» **SUPPLIED MATERIAL**
────
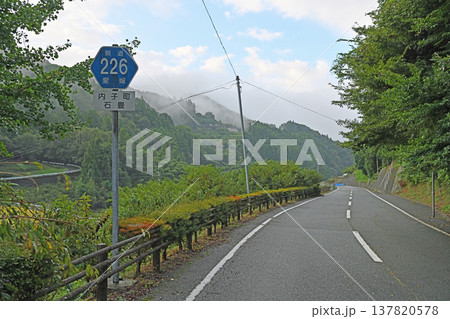 朝霧に包まれた山あいの県道を走る旅路と内子町石畳地区の静かな里山風景 137820578
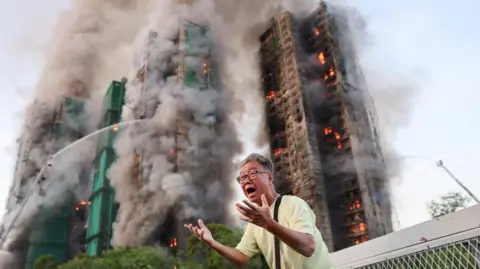Reuters  A man gestures in distress as the tower blocks burn behind him.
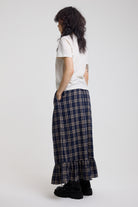 Side image of blue and yellow check maxi skirt with peplum hem showing pocket detail, worn by model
────
» **WHAT YOU HAVE TO DO**
Repeat the data above exactly, but not the pictures.

» **ANSWER BOX**
 朝霧に包まれた山あいの県道を走る旅路と内子町石畳地区の静かな里山風景 137820578
Reuters  A man gestures in distress as the tower blocks burn behind him.
 Side image of blue and yellow check maxi skirt with peplum hem showing pocket detail, worn by model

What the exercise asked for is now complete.